My 2 year old's vocab has really taken off. This is not always a good thing. Totally makes you rethink how you react to different situations when you know the little one is going to mimic and repeat your words. It makes you proud when they show compassion to others. Makes you sad when you see yourself as they react in anger. Makes you love more than you thought possible. And gives you a new perspective almost daily. The following are my favorite things that he says:

"MOMMY!!!" That's after coming home from work or any other absence even if it is only 10 minutes.

"I love you, too mommy!"

"Bye, I'll miss you."

"Let's go walk and go on the blue slide"

"Does your back hurt? Can I kiss it and make it better?"

This past week he said something that made me cry and revamp the time I check e-mail, blogs, etc.

"Stop checking your e-mail mommy and look at me."

OUCH. I haven't been on-line during his waking hours again. It's not that I camp out at the computer. The lack of blog entries should speak to that. But his little mind perceive's that I spend a significant amount of time staring at this screen which in turn takes time away from him. Never again.

Gotta go.....I hear little feet coming up the hall.....can't wait to hear this:

"Mommy, I had a good nap!"

Friday, May 15, 2009

Seattle Pictures

My mother-in-law paid to have family pictures while we were in Seattle. Here's a couple of our favorites.


















Sunday, May 10, 2009

Happy Mother's Day, Mom

I only had you for 23 years. 23 birthdays, Christmas', Mother's Days. I know I told you a thousand times that I loved you. We shared private jokes. I understood you and you understood me. Probably more than I acknowledged or realized at the time. We laughed, we cried, we argued, we prayed. We shared happiness, worry, fear, shame, joy, boredom, soap operas, m&m's, mmmm velvet, knowledge spoken and unspoken, stories, memories, hopes and dreams. I ran from you. I ran to you. I hated your nosiness, but longed for you to know what was going on with me. Thought you were stupid, but wanted your expert opinion on boys, money, life in general.
In the 12 years I've spent without you, I've really come to understand on a much deeper level who you really were. Especially in the past 3 years. Being a mother myself opened up a whole new can of worms. I see you more clearly now. A woman who loved deeply. With her whole heart and more. A woman who wanted to give me the world, but couldn't and it broke your heart. A woman who wanted to teach me to do things differently than she did, but didn't know how.
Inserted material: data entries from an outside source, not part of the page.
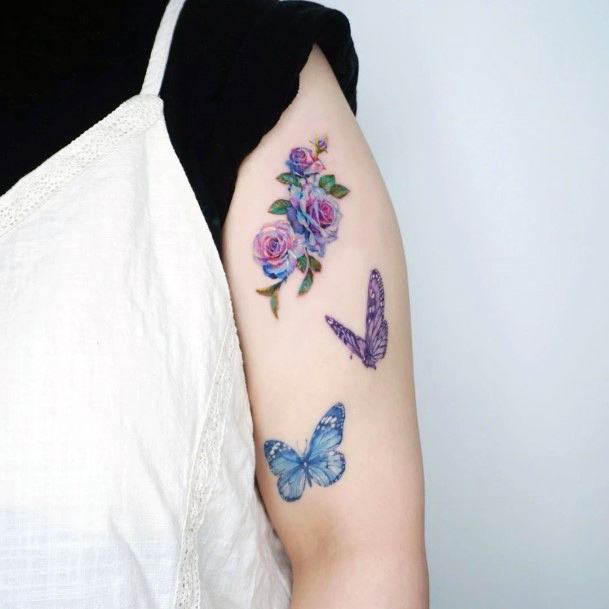 Female Cool Creative Tattoo Ideas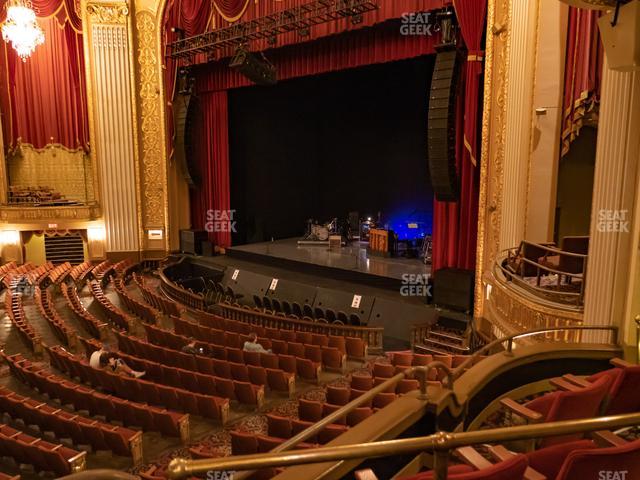 Orpheum Theatre - Memphis - Section Mezzanine Suites Right Seat View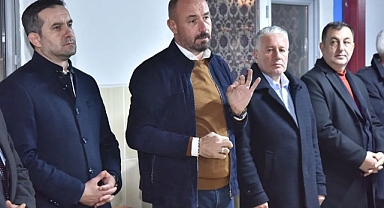 Tekkeköy'de Emekliye 1500 TL Destek Sözü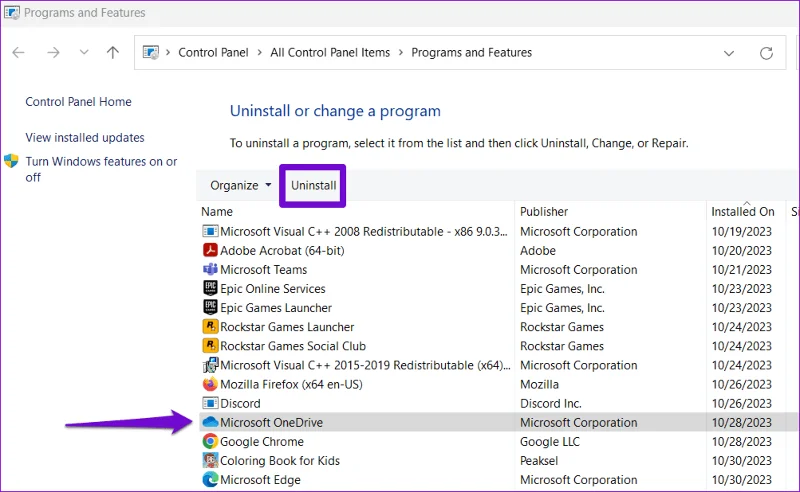 Las 6 soluciones principales para OneDrive que no aparece en el Explorador de archivos en Windows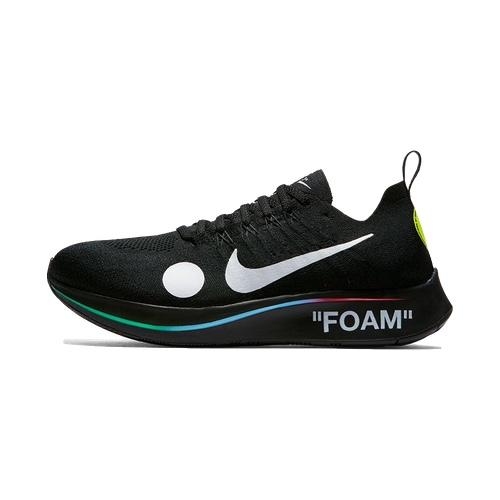 Nike x Off White Zoom Fly Mercurial FK – BLACK – 14 JUNE 2018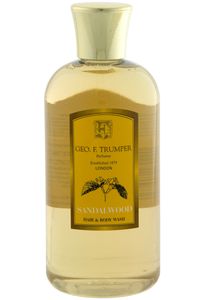 Geo F Trumper haar&body shampoo Sandelhout 200ml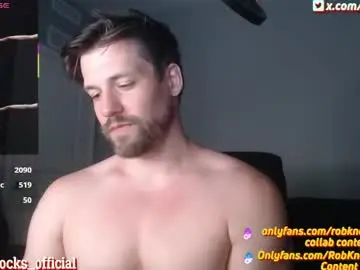 Chaturbate Best live sex cam show of robknocks
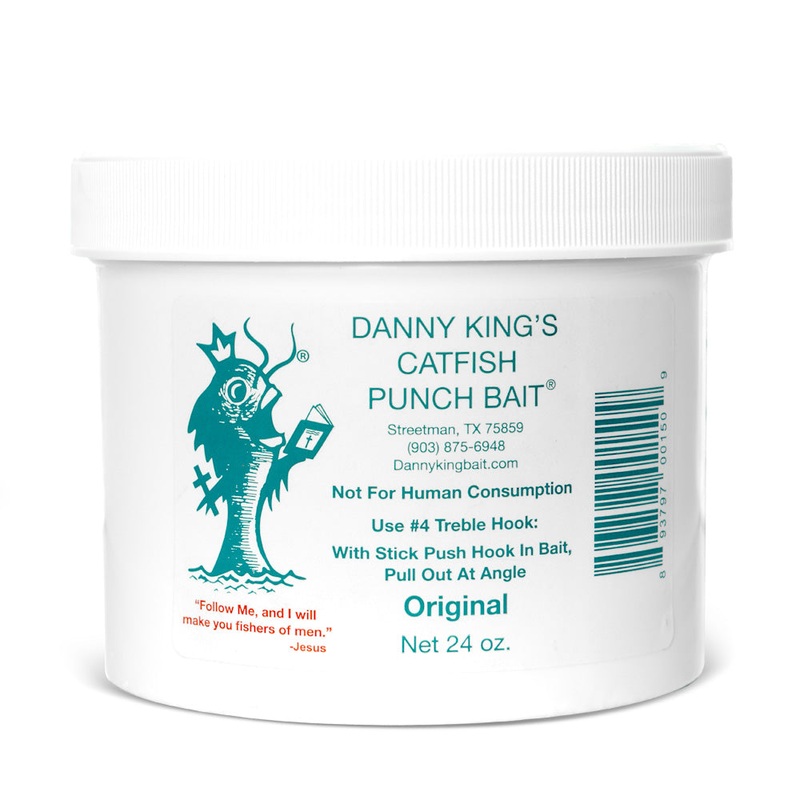 Danny King Punch Bait - Kingdom Builder Formula 24oz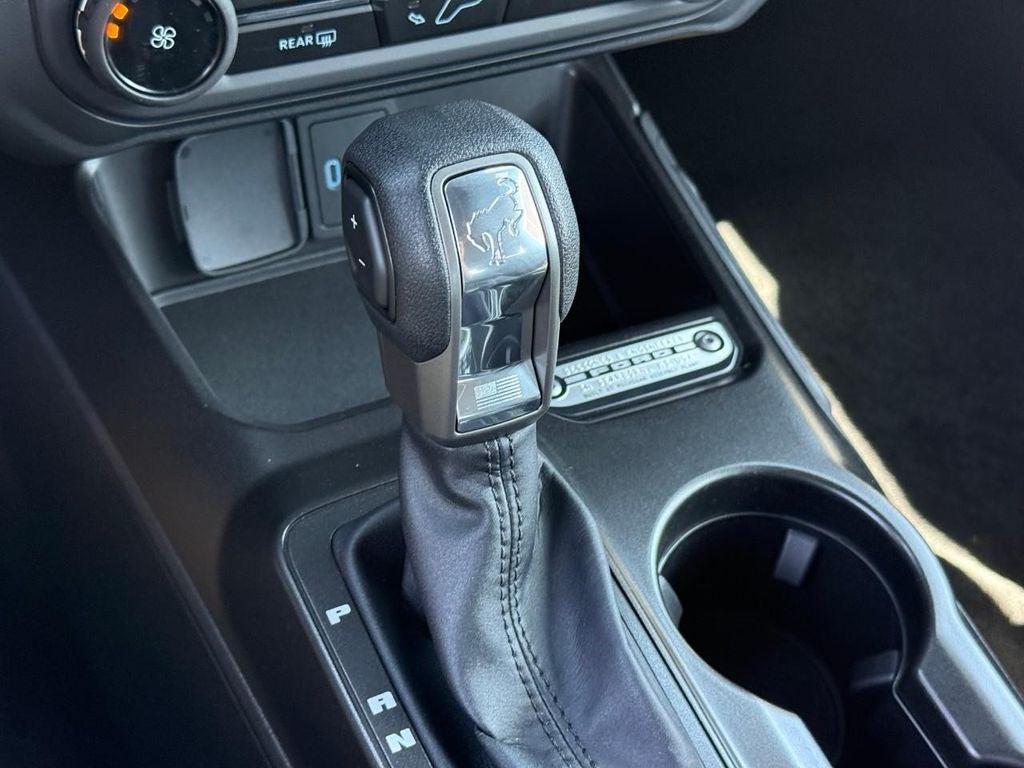 new 2025 Ford Bronco car, priced at $39,385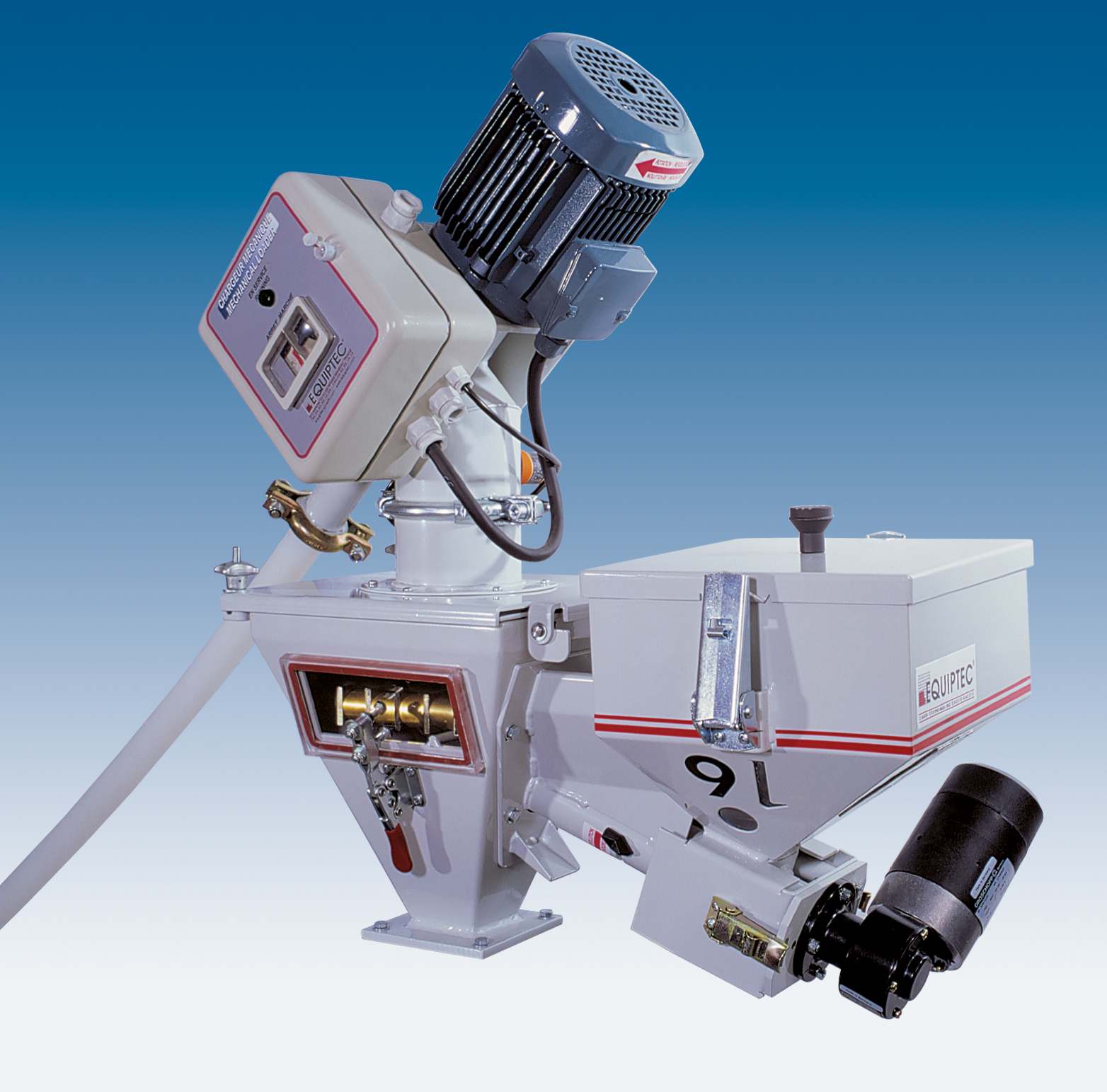 Chargeur mécanique flexible BCL Équipements - EC ou ED - alimentation de poudres et granulés sans rejet de poussière_1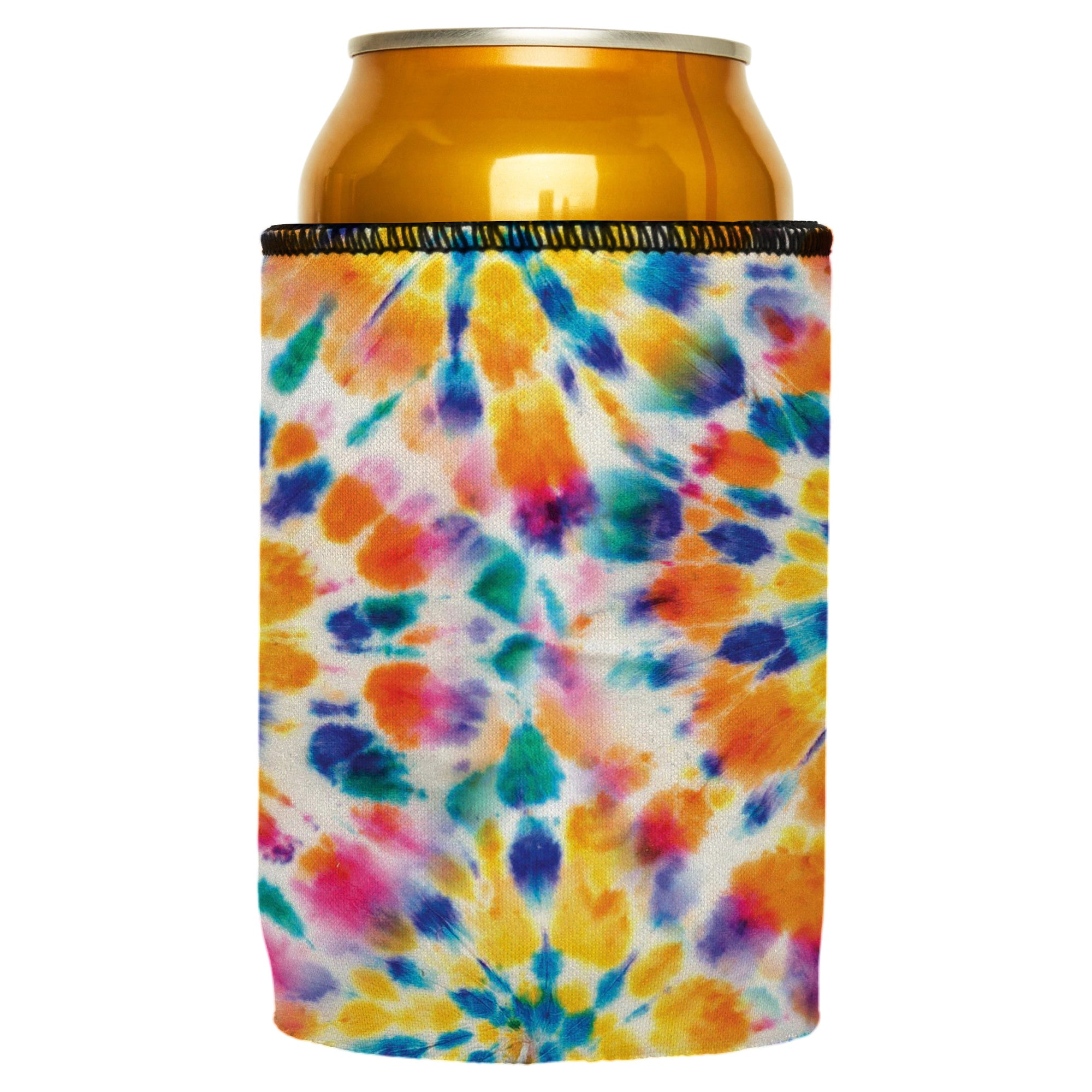 Stubbyz Rainbow Spiral Tie-Dye Stubby Cooler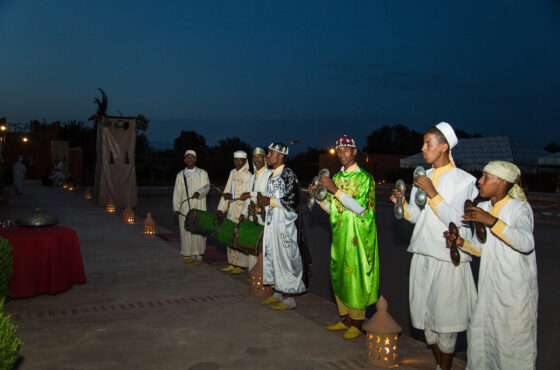 Berber Evening Show & Fantasia Experience Moroccan Culture  Event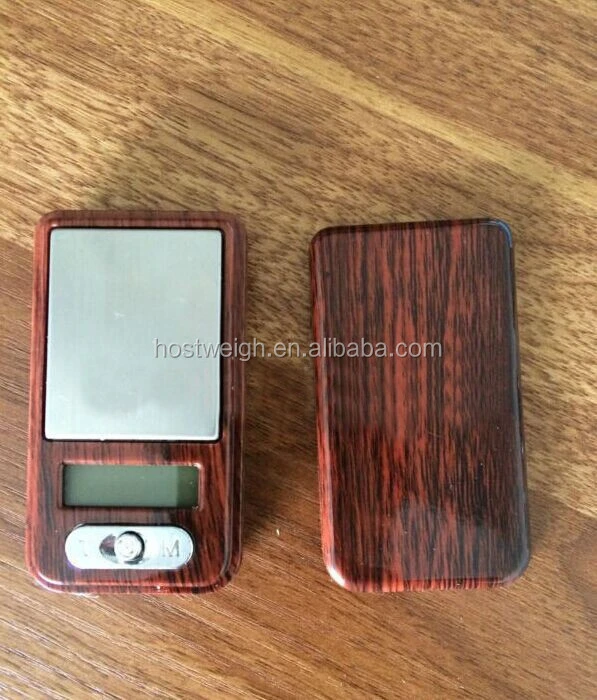 wood grain 100g*0.01g mini pocket scale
A woman whose heart broke everytime her child grew more and more independent. First from fear of losing that child, then from fear of not giving the child what she needed to survive in this world. A complex woman who didn't always know how to express her hurts, wants, fears, expectations. Who was afraid of reaching for the unreachable for fear of failing. A woman who wanted it all but didn't know how to juggle it all. Didn't know how to have time for herself while giving her family the things they needed. A woman who sacrificed her own dreams while watching the dreams of her children become fulfilled. Yes, a woman who loved with her whole heart.

I know these things, because I am that woman now.

I want to tell you my fears and hear your advice on how it will all work out if I put God first and family second. Because what really matters after those things? I wanted to see your face when I said I was pregnant that first time because I know how shocked you would have been to see your little drifter settling down. I know how happy it would have made you to hold your first grandson. I want to hear that laugh when I call and tell you that Laine keeps telling me "no" and Jackson keeps eating the newspaper. I want to see the pride in your eyes when you are telling your friends about my family. I want to feel the safety of your warm hugs and hear you say "Girl, baby!" But most of all I want to say I'm sorry for being such a difficult child. For not giving you enough credit where credit was due. And I want to let you know that if I'm half the mom to my boys as you were to me, then they will be loved beyond measure. I appreciate all you did for me, all you sacrificed, all you taught, all you soothed, all you loved for me.

I miss you so much. I love you, Mom.